The book is important in showing, through long-term research, how chemical dependency can be replaced by natural processes to recreate natural soil fertility. The authors maintain that local ecosystems provide the most appropriate structured models for agriculture. By mimicking a natural vegetation structure, farmers can copy a whole package of patterns and processes that have developed and worked in an ecological or evolutionary time frame. Examples of this approach are found around the world.

"The problem of sustainability is too often regarded solely as a technological problem of production. This approach limits the researcher's ability to understand and address the fundamental ecological reasons why agriculture systems are unsustainable. The 'nature as model' approach provides an ecological rather than a technological orientation to solving the problems of agricultural sustainability. This approach seeks to diagnose he health problem of an agroecosystem and to discern the system-level ecological principles necessary to develop a sustainable agriculture. Simply focusing on techno- logical aspects of the problems and seeking quick-fix technological solutions obscures he fundamental problems that lie behind the technology-induced environmental crisis. Even though some promoted alternative technologies may be low-input, without a whole-ecosystem approach, all the interconnections among various problems cannot be addressed".

Modern Agricultural Practices That Have Contributed to the Current Ecological and Economic Crisis

Practice Problems Addressed Problems created
Mechanisation Labour inefficiency Erosion, energy dependency, capital expenses, interest payments, larger farms, fewer farmers
Inorganic nitrogenous fertiliser Crop yield Ground water contamination, farm specialisation, pests, erosion, energy dependency, high input expenses, less economic resilience
Pesticides Crop loss to pests (success doubtful) New pests, resistant pests, water pollution, human poisoning, energy dependency, high input expenses
Hybrids and genetically narrow varieties Crop yield and non uniform traits Aggravated pest problems, loss of local adaptations, chemical dependency, high input expense

The problems caused by industrial agriculture are beginning to emerge.

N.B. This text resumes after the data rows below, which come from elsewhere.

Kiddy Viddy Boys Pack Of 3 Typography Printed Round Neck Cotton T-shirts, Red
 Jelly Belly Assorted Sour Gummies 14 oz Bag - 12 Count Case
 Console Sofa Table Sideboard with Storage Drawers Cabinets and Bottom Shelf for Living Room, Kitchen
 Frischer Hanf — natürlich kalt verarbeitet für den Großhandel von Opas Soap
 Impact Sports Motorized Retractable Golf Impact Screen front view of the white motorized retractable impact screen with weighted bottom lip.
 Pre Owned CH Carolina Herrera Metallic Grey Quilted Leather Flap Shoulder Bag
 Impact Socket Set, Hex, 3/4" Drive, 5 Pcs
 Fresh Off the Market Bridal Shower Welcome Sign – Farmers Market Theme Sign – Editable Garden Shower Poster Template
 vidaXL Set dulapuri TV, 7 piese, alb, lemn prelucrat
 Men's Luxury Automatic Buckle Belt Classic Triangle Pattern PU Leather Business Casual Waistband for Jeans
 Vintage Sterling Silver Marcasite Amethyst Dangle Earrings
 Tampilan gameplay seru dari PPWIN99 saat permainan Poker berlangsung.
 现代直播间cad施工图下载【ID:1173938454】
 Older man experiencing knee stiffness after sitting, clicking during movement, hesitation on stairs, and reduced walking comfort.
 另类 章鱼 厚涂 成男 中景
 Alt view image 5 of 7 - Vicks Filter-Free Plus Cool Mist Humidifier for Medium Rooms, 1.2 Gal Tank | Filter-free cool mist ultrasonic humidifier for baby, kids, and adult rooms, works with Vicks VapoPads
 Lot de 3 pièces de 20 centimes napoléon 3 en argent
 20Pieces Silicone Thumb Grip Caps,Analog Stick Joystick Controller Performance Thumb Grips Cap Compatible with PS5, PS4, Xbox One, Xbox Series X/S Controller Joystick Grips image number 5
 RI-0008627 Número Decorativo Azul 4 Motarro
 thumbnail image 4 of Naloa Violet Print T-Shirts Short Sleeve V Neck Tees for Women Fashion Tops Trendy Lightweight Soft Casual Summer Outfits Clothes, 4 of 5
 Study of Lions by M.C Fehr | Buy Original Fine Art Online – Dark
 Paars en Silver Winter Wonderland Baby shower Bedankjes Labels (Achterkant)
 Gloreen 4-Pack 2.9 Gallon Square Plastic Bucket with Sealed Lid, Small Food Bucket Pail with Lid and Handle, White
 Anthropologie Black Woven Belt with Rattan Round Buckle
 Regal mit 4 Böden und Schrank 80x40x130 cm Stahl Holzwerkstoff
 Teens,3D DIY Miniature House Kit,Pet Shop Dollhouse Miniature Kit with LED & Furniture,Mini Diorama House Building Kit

These problems are multifaceted and long-term by nature. Accordingly, narrow, short-term solutions cannot work. But long-term solutions that are not economically feasible in the short term are not possible until society is willing to underwrite farmers short-term losses.

"The challenge for the present is to learn to work and learn to use solar energy in new ways to help to accommodate this burgeoning human population. But it must recognise nature's limits and cycles and work within them."

Industrial agriculture is a man-made system that replaces natural systems. As such, it cannot be sustained beyond a certain point. If it continues to spread, natural soil fertility will be lost and with it the capacity to grow food. Sooner or later the situation will become irreversible. Unfortunately, by destroying productive soils, future generations are condemned to a regime of increasing starvation and inability to sustain life.

Wes Jackson, comments that we are at the exact point in history when we need to make a decision to continue modern industrial agriculture and risk the future, or to reclaim the soil and ensure the future. Real solutions to top soil loss and loss of natural fertility are, he reminds us, more a matter of changing the world view than "smart resource management" - that is a change in the way nature is viewed.